Transcript: Peter L. Salgo, MD: Hello and thank you for joining this Peer Exchange titled “Management of β-Thalassemia.” Now β-thalassemia is a hereditary blood disorder with limited approved treatment options and severe comorbidities. Patients are generally transfusion dependent, and that can lead to iron overload.
To discuss these challenges, I’m joined by a panel, all experts in the field of hematology. And during the next 90 minutes we’re going to discuss therapeutic options and highlight emerging agents for the treatment of β-thalassemia.
I am Dr Peter Salgo. I’m a professor of internal medicine and anesthesiology at Columbia University College of Physicians and Surgeons and I’m an associate director of surgical intensive care at NewYork-Presbyterian Hospital in New York City.
Joining me today are Dr Maria Domenica-Cappellini, a professor of internal medicine at the University of Milan in Milan, Italy;
Dr Thomas Coates, section head of Hematology at the Children’s Center for Cancer and Blood Diseases, and professor of pediatrics and pathology at the University of Southern California Keck School of Medicine in Los Angeles, California;
Dr Farzana Sayani, the director of the Penn Comprehensive Adult Thalassemia and Penn Comprehensive Sickle Cell programs, and assistant professor of medicine at the Hospital of the University of Pennsylvania in Philadelphia, Pennsylvania;
And Dr Sujit Sheth, the professor of pediatrics and director of the Division of Pediatric Hematology-Oncology at Weill Cornell Medical College and an associate attending pediatrician at NewYork-Presbyterian Hospital/Weill Cornell Medicine in New York, New York.

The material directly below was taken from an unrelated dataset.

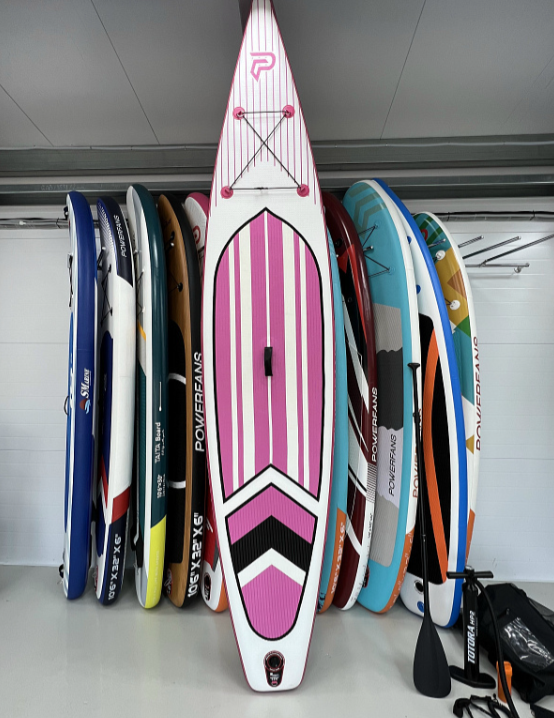 SUP (САП) Доска RAIDEX POWERFANS ITALIAN BIG LITE 12,6’ (380см) в Новочеркасске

Thank you all for joining us.
So why don’t we start with the basics? What is β-thalassemia and what is its pathophysiology? How do we do this?

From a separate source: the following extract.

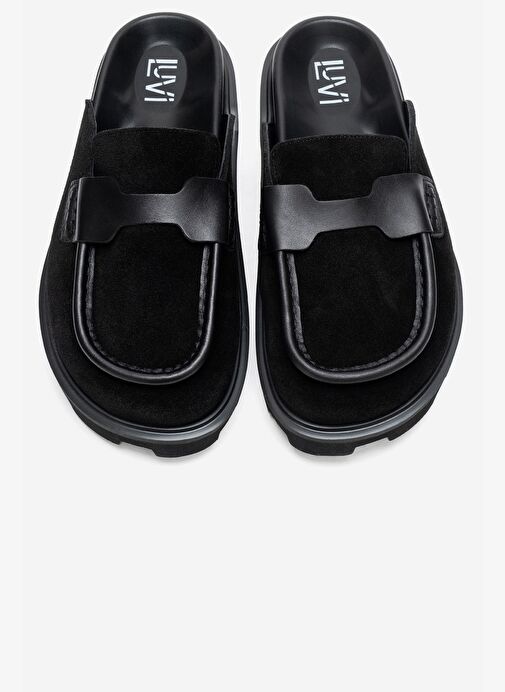 Luvi Shoes Luvi Shoes Belirsiz VELA Siyah Süet Hakiki Deri Kadın Terlik Boyner'de! Belirsiz - 3. görsel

Maria Domenica-Cappellini, MD: β-thalassemia is a regulatory anemia due to molecular abnormalities of a gene which is involved in production of hemoglobin: the β-thalassemia gene. It is a recessive defect; so this means that the 2 parents must be carriers to give rise to a child who is affected. And the severity of the disease has a huge spectrum, even in the β-thalassemia setting, due to the different abnormalities of the gene. There are many mutations, so they are different.
Peter L. Salgo, MD: So some are transfusion dependent, some non—transfusion dependent.
Maria Domenica-Cappellini, MD: Exactly. Under the spectrum of the definition of β-thalassemia, the most severe ones are transfusion dependent, and some β-thalassemia patients are non—transfusion dependent. But let’s go to the pathophysiology of the disease, because that is quite important.
Anemia is the driver of the disease, severe anemia. And…this is the consequence of the unbalance between α- and β-globin chains, which actually represent the structure of hemoglobin. The globin to produce a hemoglobin [starts] in early life, of course, in embryos and then in fetuses, and there is a switch from fetal to adult hemoglobin. At birth the majority of hemoglobin is adult hemoglobin composed by α- and β-[hemoglobin].
So if we are dealing with a β-[hemoglobin] defect and the production of β-[hemoglobin] is reduced, the α-globin chain will be free; they don’t combine. And they give rise to ineffective erythropoiesis. Ineffective erythropoiesis means that there is a clear reduction of production of red blood cells.